The graph shows the performance of the portfolio optimization method using historical stock data.

https://doi.org/10.1371/journal.pone.0321204.g003

The daily stock prices for the firms under study are summarised in the Table 1 below, along with descriptive information. Mean and median price, standard deviation, skewness, and kurtosis are displayed in separate rows.

The average rate of price changes can be calculated using the mean. The median price represents the midpoint of the price distribution and is less volatile than the mean due to extreme values. We found that the average mean and median prices were between 2.108 and 2,870.409 and 1.171 and 2,704.705, respectively.

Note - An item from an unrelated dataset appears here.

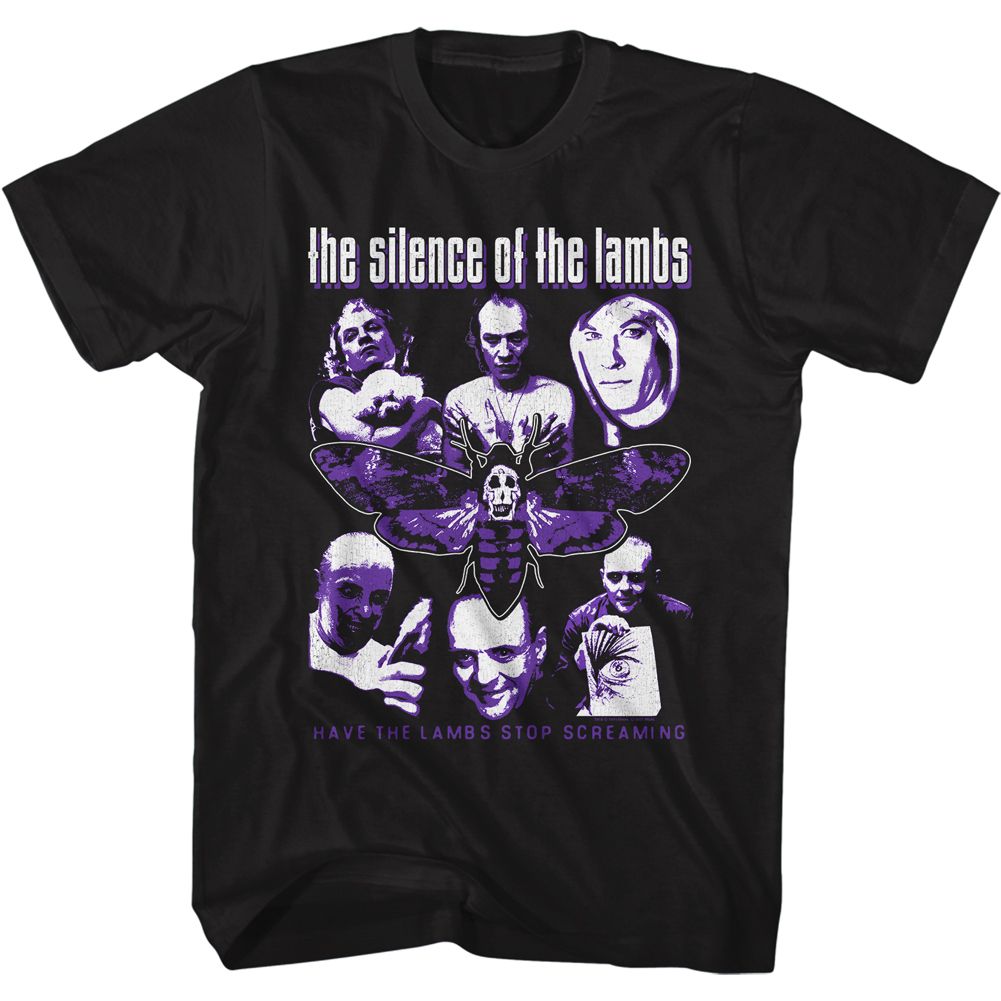 SILENCE OF THE LAMBS-COLLAGE-BLACK ADULT S/S TSHIRT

Using the standard deviation, the volatility of the returns can be assessed. Our research shows that the daily prices of these stocks can vary widely, based on the standard deviation of 0.281 to 2,300.347.

The skewness index quantifies the disproportion in a price distribution. In the case of positive skewness, the tail of the prices is far to the right, whereas in the case of negative skewness, it is far to the left. Our results exhibit skewness in the range of –3.686 to 4.866.

The tailedness of a price distribution can be quantified by its kurtosis. A greater kurtosis suggests a distribution with fatter tails, which may portend more dramatic price swings. Our price kurtosis fell between 1.186 and 26.017 degrees.

These numbers are useful since they shed light on the performance of these equities. There appears to be a wide range of stock performance, as indicated by the wide range of mean and median returns. There also appears to be a wide range of stock risk, as indicated by the large difference in standard deviation. Differences in the distribution of stock returns are further highlighted by the skewness and kurtosis, which exhibit substantial diversity across these equities.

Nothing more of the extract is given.